# What the exercise asks
Transcribe the stretch of entries below from the line with "St Patrick s" through the line with "Men's Stainless Steel", exactly and with both ends included; leave out all other lines.

•••••

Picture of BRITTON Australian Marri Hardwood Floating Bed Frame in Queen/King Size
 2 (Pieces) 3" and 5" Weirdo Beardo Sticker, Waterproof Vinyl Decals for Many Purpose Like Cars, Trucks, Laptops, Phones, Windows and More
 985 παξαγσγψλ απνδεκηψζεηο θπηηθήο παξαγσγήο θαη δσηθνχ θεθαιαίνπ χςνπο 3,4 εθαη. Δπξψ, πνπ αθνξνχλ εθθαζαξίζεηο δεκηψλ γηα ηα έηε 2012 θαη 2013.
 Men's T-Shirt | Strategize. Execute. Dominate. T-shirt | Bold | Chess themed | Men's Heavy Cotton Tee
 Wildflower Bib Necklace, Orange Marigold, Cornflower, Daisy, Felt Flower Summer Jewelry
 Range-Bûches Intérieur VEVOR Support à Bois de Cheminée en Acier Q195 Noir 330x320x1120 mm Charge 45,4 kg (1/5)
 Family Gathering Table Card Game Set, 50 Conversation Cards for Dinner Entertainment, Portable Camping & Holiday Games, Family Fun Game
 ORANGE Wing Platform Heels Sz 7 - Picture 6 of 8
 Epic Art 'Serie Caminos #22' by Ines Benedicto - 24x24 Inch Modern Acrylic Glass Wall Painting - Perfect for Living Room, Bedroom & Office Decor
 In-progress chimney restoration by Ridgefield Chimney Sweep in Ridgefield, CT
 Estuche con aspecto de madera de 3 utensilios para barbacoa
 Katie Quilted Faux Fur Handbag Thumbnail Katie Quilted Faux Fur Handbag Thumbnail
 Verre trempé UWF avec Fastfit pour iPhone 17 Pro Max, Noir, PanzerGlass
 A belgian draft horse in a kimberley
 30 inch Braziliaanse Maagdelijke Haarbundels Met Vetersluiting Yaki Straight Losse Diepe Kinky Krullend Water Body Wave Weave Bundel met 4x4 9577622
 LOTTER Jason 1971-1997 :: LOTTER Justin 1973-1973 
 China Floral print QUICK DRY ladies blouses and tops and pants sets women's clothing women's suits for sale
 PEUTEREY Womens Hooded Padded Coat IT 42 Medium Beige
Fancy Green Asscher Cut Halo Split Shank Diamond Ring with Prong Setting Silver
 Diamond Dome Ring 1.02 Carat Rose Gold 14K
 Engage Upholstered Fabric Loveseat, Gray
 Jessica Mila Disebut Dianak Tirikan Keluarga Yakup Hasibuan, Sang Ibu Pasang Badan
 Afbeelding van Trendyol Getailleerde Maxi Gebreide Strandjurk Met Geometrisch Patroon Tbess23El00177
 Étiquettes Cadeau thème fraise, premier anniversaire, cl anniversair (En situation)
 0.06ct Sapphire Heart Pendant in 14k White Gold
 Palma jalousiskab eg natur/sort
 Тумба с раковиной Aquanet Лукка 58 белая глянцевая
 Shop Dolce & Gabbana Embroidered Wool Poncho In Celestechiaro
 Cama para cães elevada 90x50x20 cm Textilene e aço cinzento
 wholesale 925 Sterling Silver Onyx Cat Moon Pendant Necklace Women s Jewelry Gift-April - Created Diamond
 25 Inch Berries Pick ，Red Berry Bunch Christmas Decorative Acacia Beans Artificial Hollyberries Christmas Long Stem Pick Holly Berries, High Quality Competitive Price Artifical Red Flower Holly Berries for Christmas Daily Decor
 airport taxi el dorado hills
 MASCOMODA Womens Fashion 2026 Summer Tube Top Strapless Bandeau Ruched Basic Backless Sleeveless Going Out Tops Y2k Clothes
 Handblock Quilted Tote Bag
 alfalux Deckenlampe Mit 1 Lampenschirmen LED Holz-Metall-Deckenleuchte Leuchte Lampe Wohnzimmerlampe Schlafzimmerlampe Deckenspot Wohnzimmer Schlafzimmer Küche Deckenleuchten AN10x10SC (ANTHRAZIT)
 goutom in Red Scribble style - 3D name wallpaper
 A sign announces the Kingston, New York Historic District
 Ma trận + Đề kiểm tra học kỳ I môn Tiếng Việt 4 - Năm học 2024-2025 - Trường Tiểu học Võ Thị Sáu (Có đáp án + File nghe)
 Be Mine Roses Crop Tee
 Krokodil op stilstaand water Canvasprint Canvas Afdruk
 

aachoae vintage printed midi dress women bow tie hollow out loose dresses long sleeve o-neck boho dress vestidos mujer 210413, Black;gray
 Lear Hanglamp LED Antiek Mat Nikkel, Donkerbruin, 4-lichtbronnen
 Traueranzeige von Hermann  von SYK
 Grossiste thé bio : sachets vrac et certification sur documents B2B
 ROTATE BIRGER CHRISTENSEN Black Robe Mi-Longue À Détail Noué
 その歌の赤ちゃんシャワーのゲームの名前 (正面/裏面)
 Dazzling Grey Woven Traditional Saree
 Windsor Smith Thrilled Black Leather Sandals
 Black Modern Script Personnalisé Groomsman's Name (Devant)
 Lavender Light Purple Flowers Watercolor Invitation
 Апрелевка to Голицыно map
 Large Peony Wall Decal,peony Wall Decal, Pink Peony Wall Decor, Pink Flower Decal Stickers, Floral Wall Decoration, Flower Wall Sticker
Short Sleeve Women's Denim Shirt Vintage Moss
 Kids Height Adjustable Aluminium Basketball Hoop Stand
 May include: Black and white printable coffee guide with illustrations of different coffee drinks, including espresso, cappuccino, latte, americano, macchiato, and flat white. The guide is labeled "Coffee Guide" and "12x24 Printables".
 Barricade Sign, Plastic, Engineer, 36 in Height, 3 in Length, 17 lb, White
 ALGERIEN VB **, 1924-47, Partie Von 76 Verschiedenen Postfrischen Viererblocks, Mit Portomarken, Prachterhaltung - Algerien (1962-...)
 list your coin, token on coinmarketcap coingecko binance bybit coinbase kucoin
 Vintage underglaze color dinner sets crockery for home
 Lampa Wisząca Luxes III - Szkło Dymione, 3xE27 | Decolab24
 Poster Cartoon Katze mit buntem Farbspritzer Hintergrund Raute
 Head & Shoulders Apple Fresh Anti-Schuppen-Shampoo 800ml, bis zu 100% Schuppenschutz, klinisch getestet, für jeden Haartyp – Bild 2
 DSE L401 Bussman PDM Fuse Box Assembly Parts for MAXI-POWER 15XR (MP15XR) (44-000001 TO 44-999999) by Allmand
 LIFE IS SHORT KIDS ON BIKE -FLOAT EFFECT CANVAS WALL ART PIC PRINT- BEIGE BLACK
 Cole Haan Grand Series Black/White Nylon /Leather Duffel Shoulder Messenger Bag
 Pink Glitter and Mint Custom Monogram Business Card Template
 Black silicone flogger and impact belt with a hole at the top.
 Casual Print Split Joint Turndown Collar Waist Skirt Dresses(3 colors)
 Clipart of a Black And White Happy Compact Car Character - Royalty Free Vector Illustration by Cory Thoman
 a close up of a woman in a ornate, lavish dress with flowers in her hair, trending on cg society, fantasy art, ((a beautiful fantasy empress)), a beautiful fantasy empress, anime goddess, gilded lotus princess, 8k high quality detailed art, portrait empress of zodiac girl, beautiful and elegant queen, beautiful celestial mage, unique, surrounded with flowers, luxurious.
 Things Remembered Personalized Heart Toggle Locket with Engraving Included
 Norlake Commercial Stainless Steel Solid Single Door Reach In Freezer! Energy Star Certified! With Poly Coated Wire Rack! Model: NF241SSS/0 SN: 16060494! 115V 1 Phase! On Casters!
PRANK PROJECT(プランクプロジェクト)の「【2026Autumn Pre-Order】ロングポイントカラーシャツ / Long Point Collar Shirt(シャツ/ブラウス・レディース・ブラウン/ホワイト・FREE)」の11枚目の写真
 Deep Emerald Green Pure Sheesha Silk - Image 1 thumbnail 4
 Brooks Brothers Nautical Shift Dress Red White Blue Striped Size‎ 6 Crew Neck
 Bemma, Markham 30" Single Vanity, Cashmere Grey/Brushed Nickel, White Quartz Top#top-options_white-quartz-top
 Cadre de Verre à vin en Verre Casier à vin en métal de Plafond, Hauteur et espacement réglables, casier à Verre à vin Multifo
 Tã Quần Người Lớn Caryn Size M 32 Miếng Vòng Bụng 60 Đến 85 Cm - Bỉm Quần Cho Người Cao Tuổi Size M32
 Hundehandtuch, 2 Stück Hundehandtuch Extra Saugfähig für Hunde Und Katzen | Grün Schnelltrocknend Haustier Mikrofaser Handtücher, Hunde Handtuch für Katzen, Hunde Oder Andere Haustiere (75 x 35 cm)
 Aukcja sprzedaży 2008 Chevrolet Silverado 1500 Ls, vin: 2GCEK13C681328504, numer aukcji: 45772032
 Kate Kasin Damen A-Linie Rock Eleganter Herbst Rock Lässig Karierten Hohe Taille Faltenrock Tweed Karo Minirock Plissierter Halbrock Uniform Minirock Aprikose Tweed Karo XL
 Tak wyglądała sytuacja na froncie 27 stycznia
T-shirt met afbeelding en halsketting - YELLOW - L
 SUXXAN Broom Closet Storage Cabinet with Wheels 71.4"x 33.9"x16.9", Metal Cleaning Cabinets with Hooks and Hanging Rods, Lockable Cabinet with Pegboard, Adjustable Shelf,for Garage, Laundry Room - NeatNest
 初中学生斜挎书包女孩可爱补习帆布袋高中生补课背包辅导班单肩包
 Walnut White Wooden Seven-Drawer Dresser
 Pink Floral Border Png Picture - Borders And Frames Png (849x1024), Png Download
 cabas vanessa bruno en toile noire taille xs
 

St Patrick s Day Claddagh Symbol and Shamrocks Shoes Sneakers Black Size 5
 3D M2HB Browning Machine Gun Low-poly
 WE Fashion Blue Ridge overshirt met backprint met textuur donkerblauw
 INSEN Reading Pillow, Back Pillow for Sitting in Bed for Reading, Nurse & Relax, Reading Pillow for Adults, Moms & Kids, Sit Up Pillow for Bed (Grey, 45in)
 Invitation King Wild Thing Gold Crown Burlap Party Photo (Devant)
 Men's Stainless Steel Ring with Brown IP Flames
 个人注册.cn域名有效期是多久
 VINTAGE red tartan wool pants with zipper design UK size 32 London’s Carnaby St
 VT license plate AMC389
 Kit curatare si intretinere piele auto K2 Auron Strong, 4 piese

•••••

# Response box
St Patrick s Day Claddagh Symbol and Shamrocks Shoes Sneakers Black Size 5
 3D M2HB Browning Machine Gun Low-poly
 WE Fashion Blue Ridge overshirt met backprint met textuur donkerblauw
 INSEN Reading Pillow, Back Pillow for Sitting in Bed for Reading, Nurse & Relax, Reading Pillow for Adults, Moms & Kids, Sit Up Pillow for Bed (Grey, 45in)
 Invitation King Wild Thing Gold Crown Burlap Party Photo (Devant)
 Men's Stainless Steel Ring with Brown IP Flames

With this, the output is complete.